▶ **About this task**
Below are records with pictures in them. Output exactly the lines from the one with "622 - A silver" through the one with "80014au's tweet photo.", both included, and leave every picture out; give only those lines.

▶ **Data for processing**

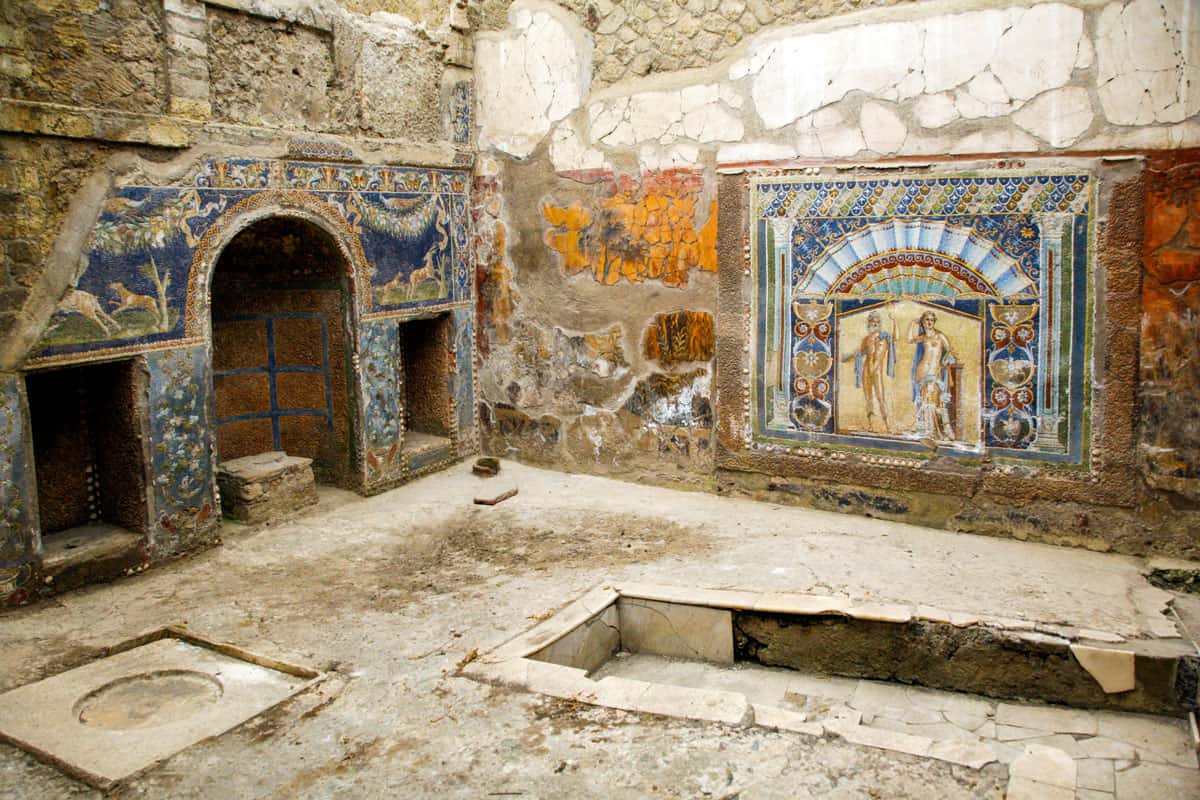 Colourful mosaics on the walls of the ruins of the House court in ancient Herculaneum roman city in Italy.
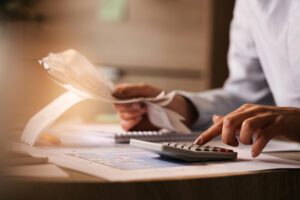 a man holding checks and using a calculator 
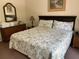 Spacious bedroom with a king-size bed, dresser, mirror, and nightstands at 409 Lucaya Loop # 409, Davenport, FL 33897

--

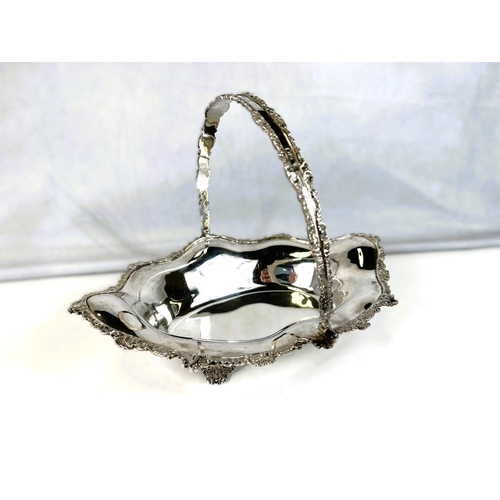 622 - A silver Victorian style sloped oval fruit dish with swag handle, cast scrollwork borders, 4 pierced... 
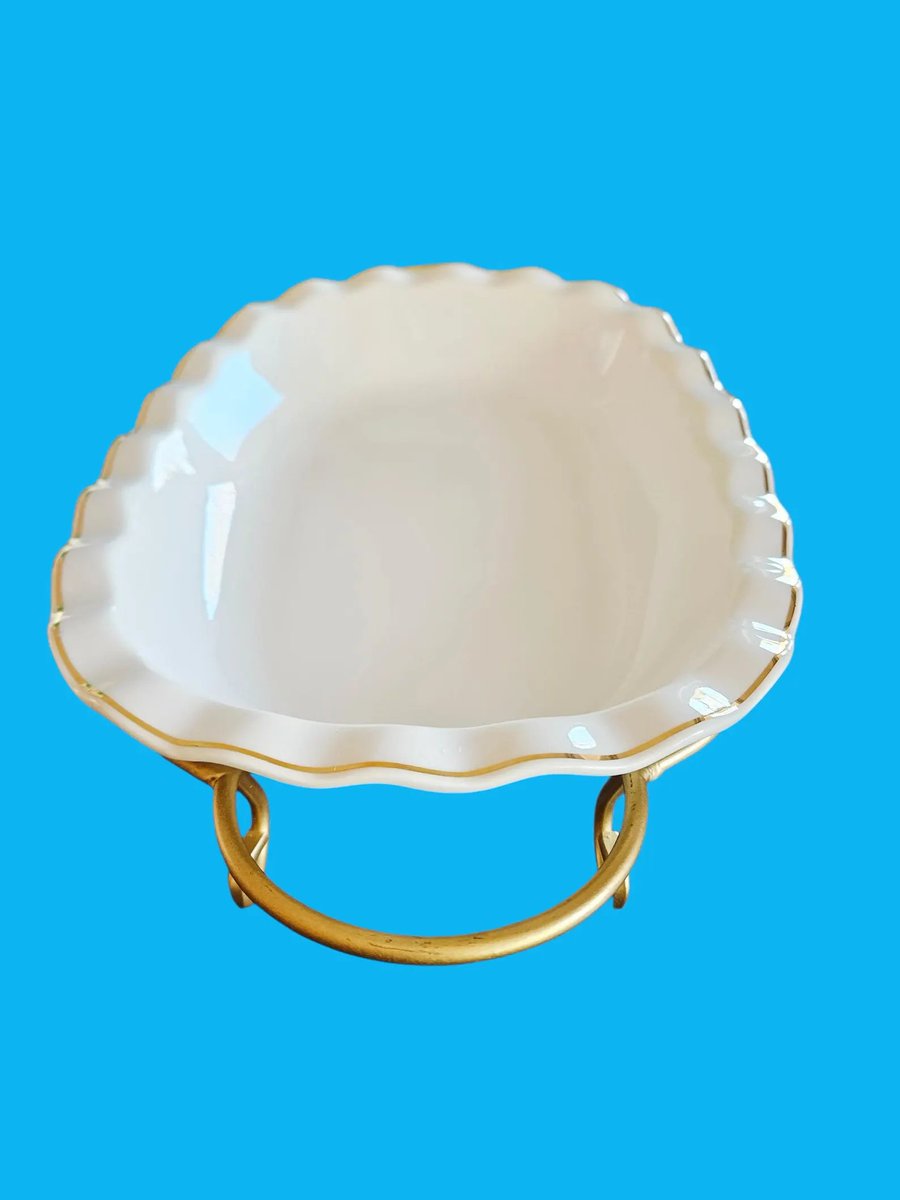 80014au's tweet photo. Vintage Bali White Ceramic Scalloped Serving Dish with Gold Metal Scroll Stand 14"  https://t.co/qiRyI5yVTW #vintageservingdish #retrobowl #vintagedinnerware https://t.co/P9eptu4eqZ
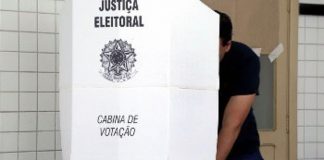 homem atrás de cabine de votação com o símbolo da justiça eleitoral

▶ **Response area**
 622 - A silver Victorian style sloped oval fruit dish with swag handle, cast scrollwork borders, 4 pierced... 
 80014au's tweet photo. Vintage Bali White Ceramic Scalloped Serving Dish with Gold Metal Scroll Stand 14"  https://t.co/qiRyI5yVTW #vintageservingdish #retrobowl #vintagedinnerware https://t.co/P9eptu4eqZ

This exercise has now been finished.